Search code examples
htmlxmlregexsgml

Regex for an open SGML node that contains <p> , </p>, and <br /> tags


I have some SGML that I'm trying to clean up by adding closing tags to the opening ones. Right now, the document has a structure like this:

<CAT>
<NAME>Daniel
<COLOR>White
<DESC>Daniel is a white cat <p>He was born in July</p><br />He's super cute.<p><br />He does not have any siblings.
<COUNTRY>USA
</CAT>

So far I can match an open tag and capture the content as a group using this regexp: <NAME>([^\\<]+)[^<] if doesn't have any <p>, </p>, or <br /> elements within the content area.

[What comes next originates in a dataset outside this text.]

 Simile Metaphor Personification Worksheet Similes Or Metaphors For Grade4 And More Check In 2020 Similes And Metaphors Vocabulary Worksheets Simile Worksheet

But if i do <DESC>([^\\<]+)[^<], the pattern matching stops right before the first <p>

The reason why I'm using < as the end of the pattern is because all the other open nodes don't have html elements that stop the matching

How can I make a regexp that matches the <DESC> node that includes <p>, </p>, <br /> and ends before the <COUNTRY> node?


Solution

  • How about this:

    <DESC>((?:</?p>|<br />|[^\\<])+)
    

    This allows these three tags to match and stops at the next < that doesn't belong to one of the three.

    By the way, why aren't you allowing the backslash as a valid character?